I remember traveling on a highway outside of Tamale at night, being alone with the driver and a mechanic, sticking my head out a window and breathing in the landscape. I reveled in the sheer adventure of being there, basked in the wonderment of the moment, and felt very much at peace. Seconds later I leapt back into the bus, just avoiding being hit by an oncoming truck, his horn blasting, which despite the pitch black I hadn’t even seen until the last second. That sort of thing was also typical: I always seemed to be kept on my toes. Life was lived entirely differently over there and it was difficult to adjust to this, to accept that—when I least expected it—everything softened in its way, and the living was easy. Especially for those who succumbed to the sway and drift between day and night, that dance of diurnal, surrounding rhythms, for in so doing they contributed to the pace and the feel of African life.

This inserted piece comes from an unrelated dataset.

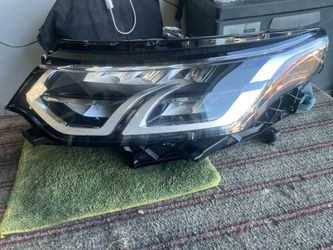 2020 LAND ROVER DISCOVERY  LEFT  HEADLIGHT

NORTH AMERICA—1984 to Present
Preconceptions about famous places—cities/states/provinces—fizzled away by being tirelessly wired to my surroundings via each sense perception. I found that there just wasn’t any room for my preconceptions anymore: these first-hand experiences of New York City, of Boston, Austin, Philadelphia, Vancouver, The Prairies, these wiped the slate clean and came to mean more to me as such than any TV viewing, newspaper article could. I learned that these latter mediums could never hold a candle to the experience of actually being there, that living vicariously through a broadcast or through printed text was illusory, not informative or illuminating, and any sense of reality such forms proclaimed to instill were biased and false, for how could they be otherwise? It was impossible to travel unless I actually went somewhere. Technology was not so convenient that it brought the world to me, so I took myself out there to have a good look around.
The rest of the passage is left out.